Halcyon crowed in delight and spread his wings, lifted himself easily from the end of the bed to spin in dizzying circles through the air, and Jean and Lucien both laughed, watching him. Laughed, until that laughter died in their throats, for Halcyon barreled suddenly towards the floor right in front of Nemea. He found his feet and took two shuffling steps until he was close enough to nuzzle his head against Nemea's scarred cheek.

"We're going to stay, Nemea!" he chirped, but Lucien and Jean were both deathly silent, for their daemons had just touched, and neither of them had flinched; neither of them had acted as if anything were amiss at all. In fact, Nemea lowered her head, rested her chin on her great paws so that she could look Halcyon in the eye. What on earth is this? Lucien wondered faintly; he'd never seen such a thing before, such easy familiarity between daemons whose people were not family, or lovers. Nemea and Lilith had been close, while Derek and Lucien were held captive, but they'd known each other for years by then, and grief and pain had bound them.

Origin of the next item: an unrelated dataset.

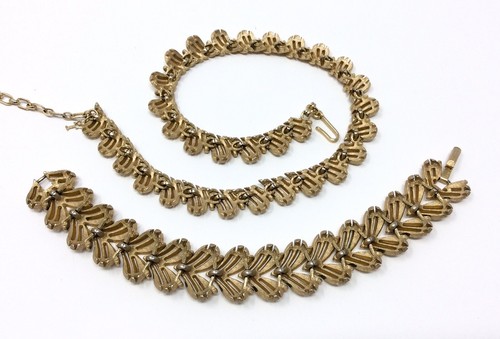Vintage Crown Trifari Gold Tone Necklace & Bracelet - Picture 2 of 4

Not so with Nemea and Halcyon, with Jean and Lucien; they were all still just getting to know one another, trying to find their footing, and the way Halcyon and Nemea were with each other...Jean would say it bordered on the obscene, he thought, if she'd seen someone else's daemons behaving this way. She did not chide her little kingfisher, however; she looked as stunned as Lucien felt, and did not say a word.

"I'm glad, little one," Nemea said. "I did not want to see you leave."

And then Halcyon insinuated himself between her paws, and wrapped his wings around himself, and settled down as if he were quite content to lay with her, and Nemea let him, her cheek pressed close against him. As if it were the most natural thing in the world. They had gravitated towards one another from the very first, and where the daemon goes, the man must follow, that's what people said, and Halcyon and Nemea, they went toward each other, and what does it mean? Lucien asked himself. Their souls were drawn to one another, Jean and Lucien's, but surely, he thought, surely she could not come to love him, as her little kingfisher loved his lioness. He was too brash and too reckless and too messy, and Jean would surely want better for herself. Wouldn't she?

Lucien raised his eyes to Jean's face and after a moment she returned his gaze, a question in her eyes. The same question, Lucien thought, that troubled his own heart.

"You said you needed some help?" she asked faintly after a moment. Apparently Jean had decided not to remark upon their daemon's strange behavior, and so for her sake Lucien let it lie.

"Yes," he answered. "What can you tell me about the Royal Cross Hotel?"